I’ve been spending a lot of time reading about S2+ triple builds and modding of flashlights.
For me, I enjoy learning and understanding all the little details about the things that I own, this one topic has me a bit confused.

Here is my question, if i were to build a direct drive flashlight with a one of the ME FET drivers and use a fully charged EFEST 18650 rated for 20A continuous, how many AMPS would 1 LED would pull from it. Lets assume ZERO resistance for the sake of this example.
Lets take a single 219B for example: 3.09V - 700mA ( I think this is the vf value)
What does this mean in relation to how much current the LED will draw.

Someone explained to me that vf is the voltage/amp required to turn on the LED.
I think there is more to it because i keep seeing vf mentioned when people are discussing direct drive and how many amps are pulled.
Your time and patience is appreciated. I’m really trying to learn here.

I know i could spend $50-$75 and build what ever triple i wanted…but i want to understand how all the factors play here.

Volts forward is the voltage of the led at a given amp measurement. So in your example: the led would measure a voltage drop of 3.09v at 700ma current draw.
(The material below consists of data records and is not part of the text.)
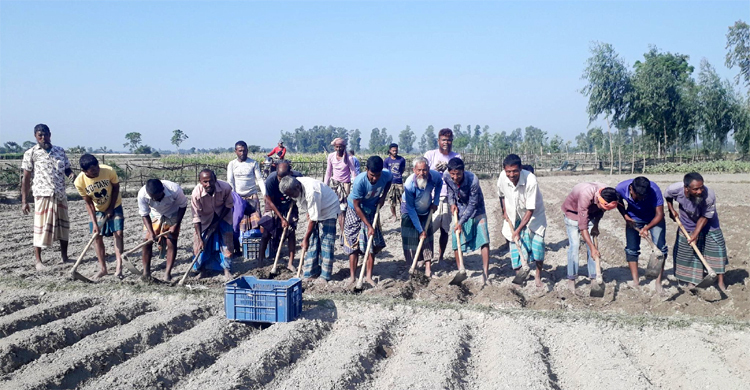 আলুচাষে খরচ বাড়ছে ৩০-৪০ হাজার টাকা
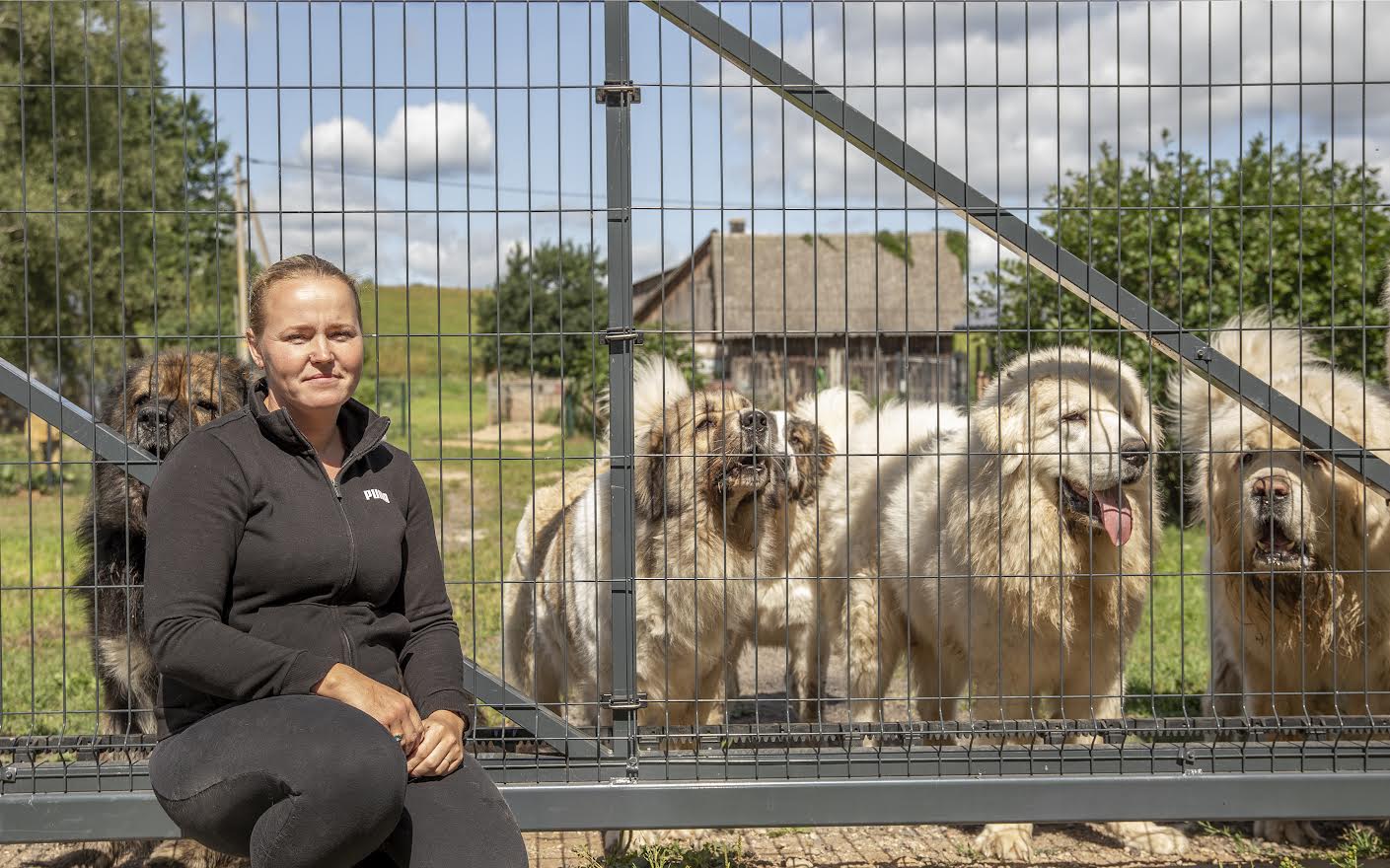 Lily Mals nimetab koerte kasvatamist pigem hobiks, mida tehakse põhitöö kõrvalt. Ühtlasi ei müüda ühtki Kaukaasia lambakoera kutsikat kuhugi, kus ei olda kindel koha sobivuses. Foto: AIGAR NAGEL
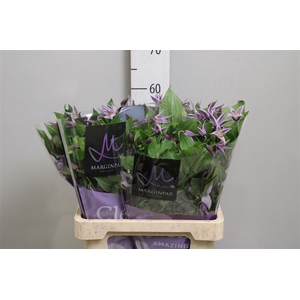 Clem Star River (x40)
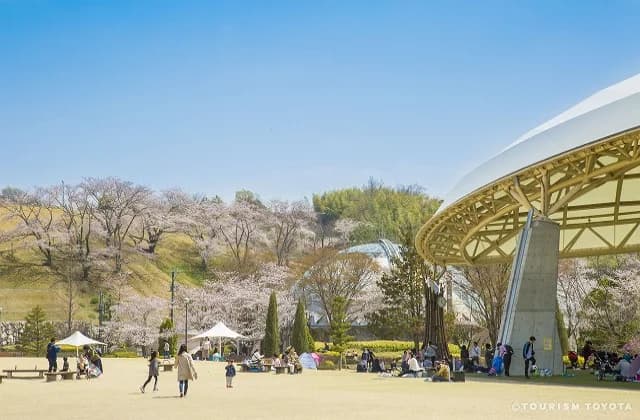 Sakura at Kuragaike Park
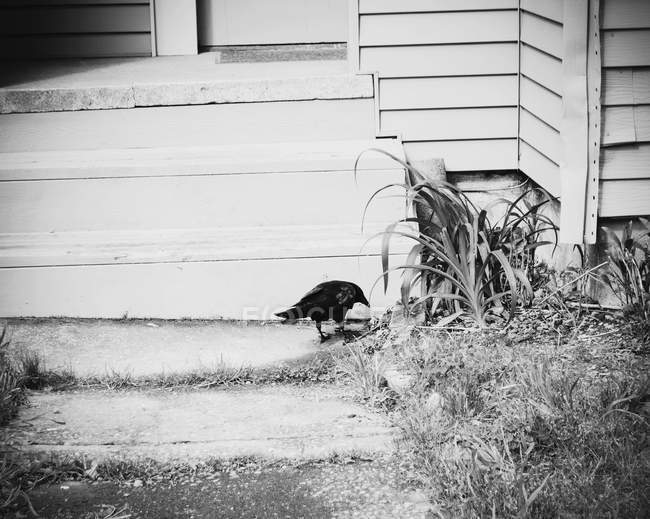 Black crow on the path — Stock Photo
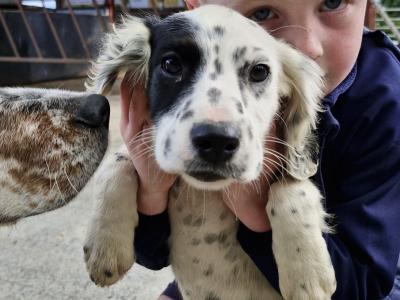 Beautiful Springer Spaniel x Setter puppies in Cavan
Maybe someone has a link or two of common led v/amps chart?

Amps increases with Vf.
It is rated at 700mA at 3.09v, but a fully charged 18650 will be 4.2v so the amps will be a lot higher.
You need to look at a Vf vs Amps measurement chart like that one to find out how much, because every LED has a different curve.

Vf is the voltage drop across the led at a given current. The example you give is more like the led being fed from a CVCC power supply than a flashlight but the easiest way to get an idea is to look up the information in Djozz’s tests since he’s looked at many different sizes and brands with links to the info with consistently laid out graphs. It might not be perfectly accurate but it’s very helpful in ball parking goals or expectations.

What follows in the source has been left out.